**Captioned web images**

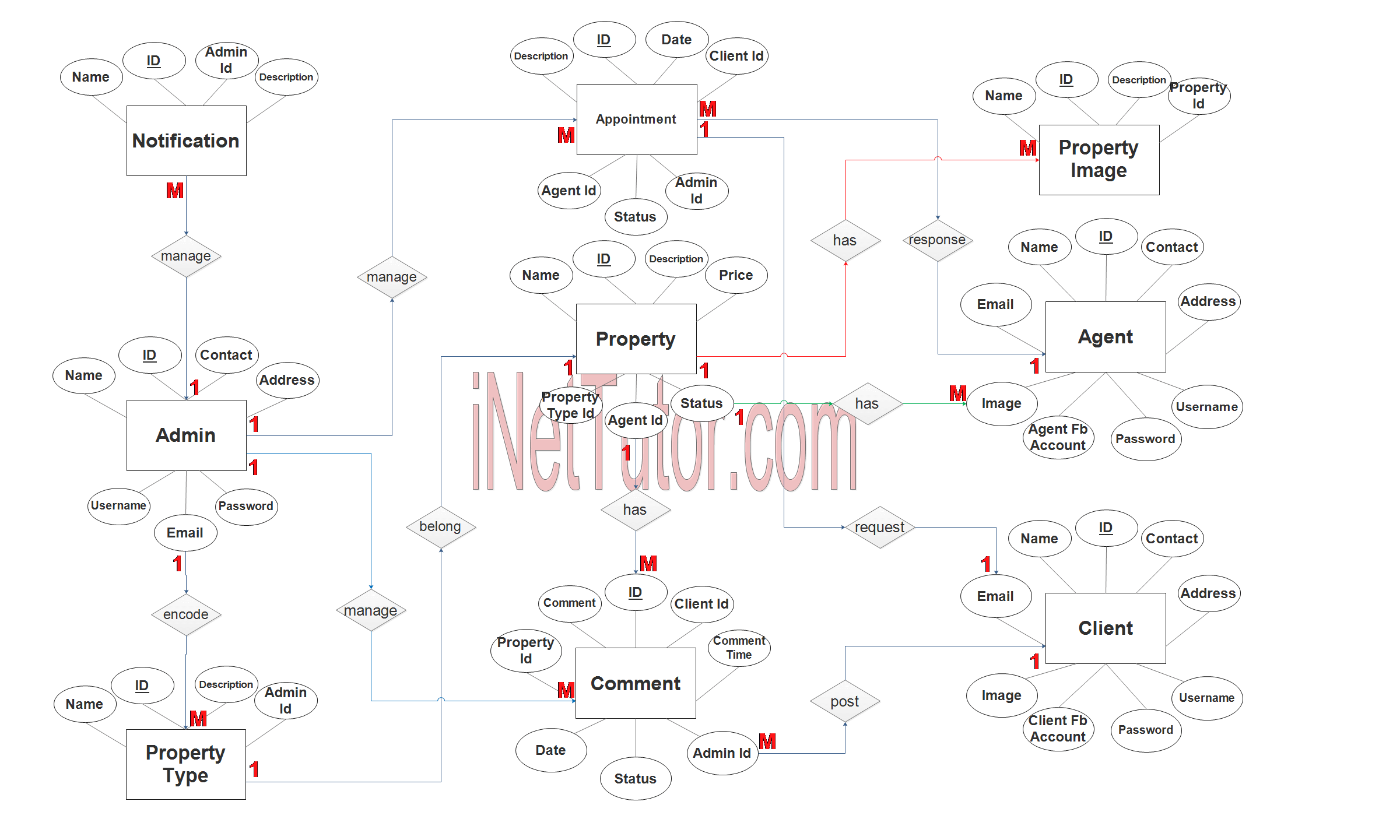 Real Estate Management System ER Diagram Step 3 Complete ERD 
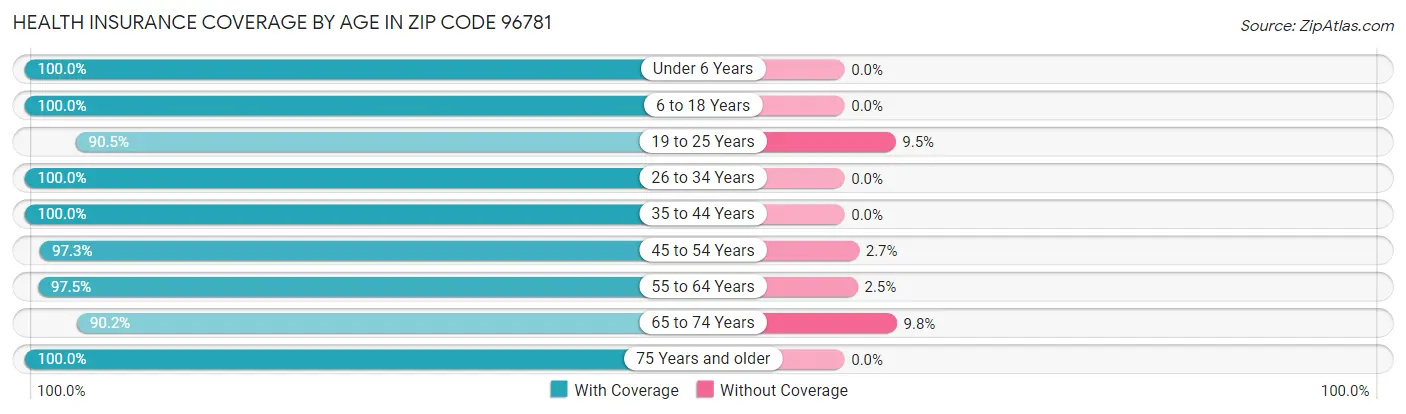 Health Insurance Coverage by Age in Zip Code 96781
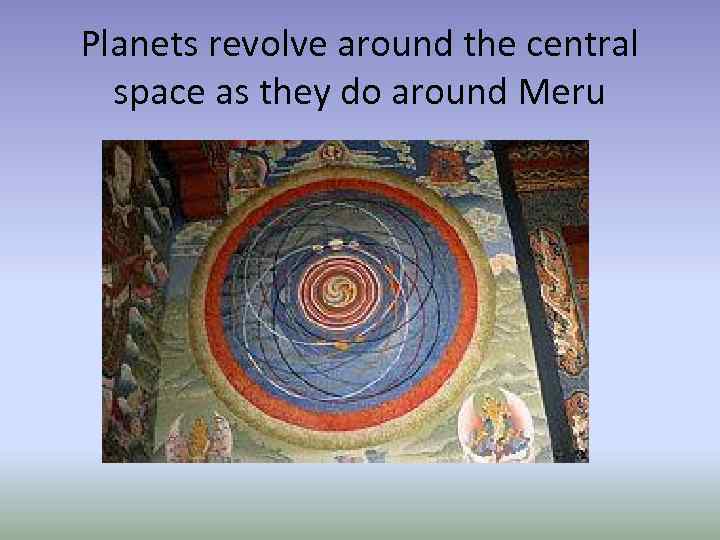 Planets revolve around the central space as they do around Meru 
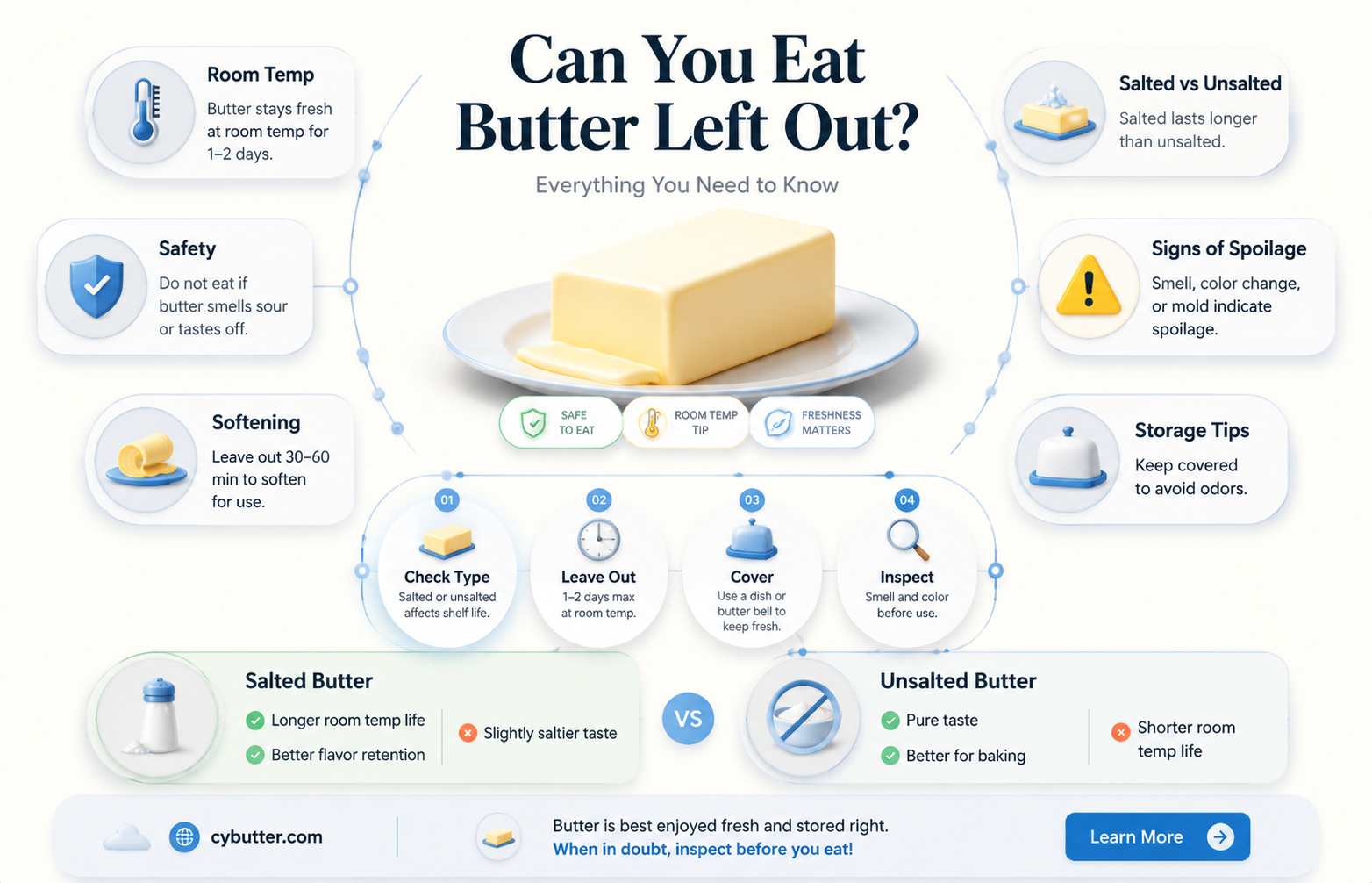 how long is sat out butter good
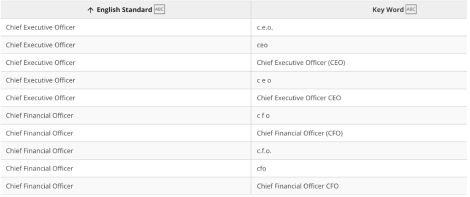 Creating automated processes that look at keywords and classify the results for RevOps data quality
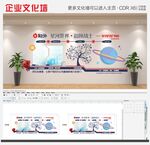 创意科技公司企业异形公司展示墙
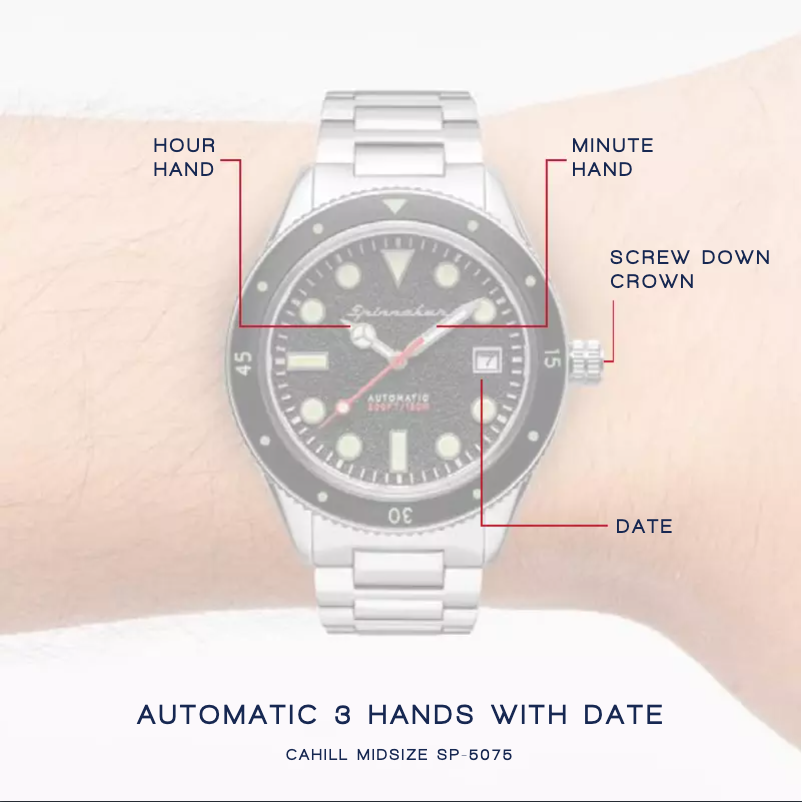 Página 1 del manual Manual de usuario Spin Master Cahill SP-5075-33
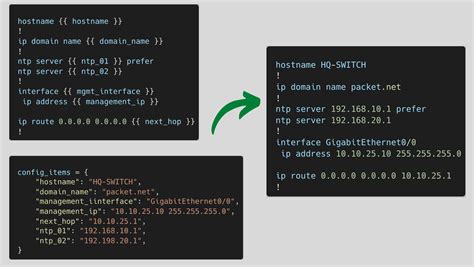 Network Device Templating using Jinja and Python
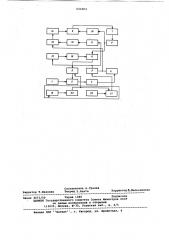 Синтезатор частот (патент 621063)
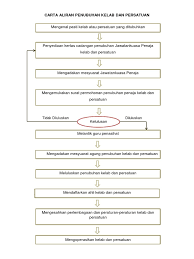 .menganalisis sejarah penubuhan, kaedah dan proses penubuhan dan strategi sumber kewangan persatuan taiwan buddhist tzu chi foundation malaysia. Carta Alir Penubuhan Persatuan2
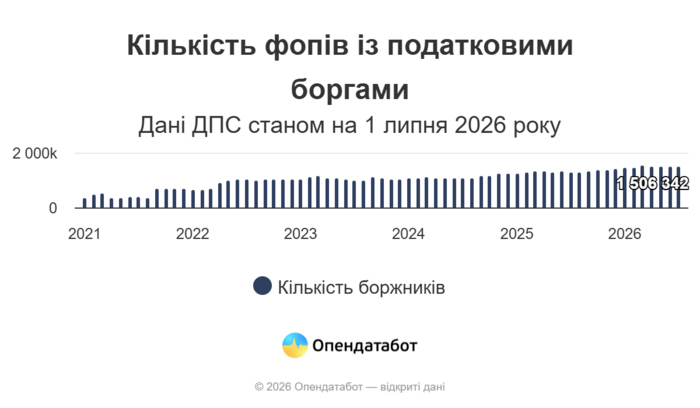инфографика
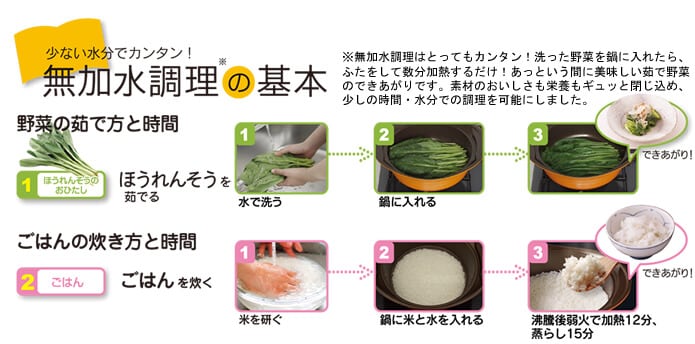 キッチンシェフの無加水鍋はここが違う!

**About this exercise**
Only an exact copy of the lines from the one with "Health Insurance Coverage" through the last line of the data above is wanted, and no pictures.

**Result for this exercise**
 Health Insurance Coverage by Age in Zip Code 96781
 Planets revolve around the central space as they do around Meru 
 how long is sat out butter good
 Creating automated processes that look at keywords and classify the results for RevOps data quality
 创意科技公司企业异形公司展示墙
 Página 1 del manual Manual de usuario Spin Master Cahill SP-5075-33
 Network Device Templating using Jinja and Python
 Синтезатор частот (патент 621063)
 .menganalisis sejarah penubuhan, kaedah dan proses penubuhan dan strategi sumber kewangan persatuan taiwan buddhist tzu chi foundation malaysia. Carta Alir Penubuhan Persatuan2
инфографика
 キッチンシェフの無加水鍋はここが違う!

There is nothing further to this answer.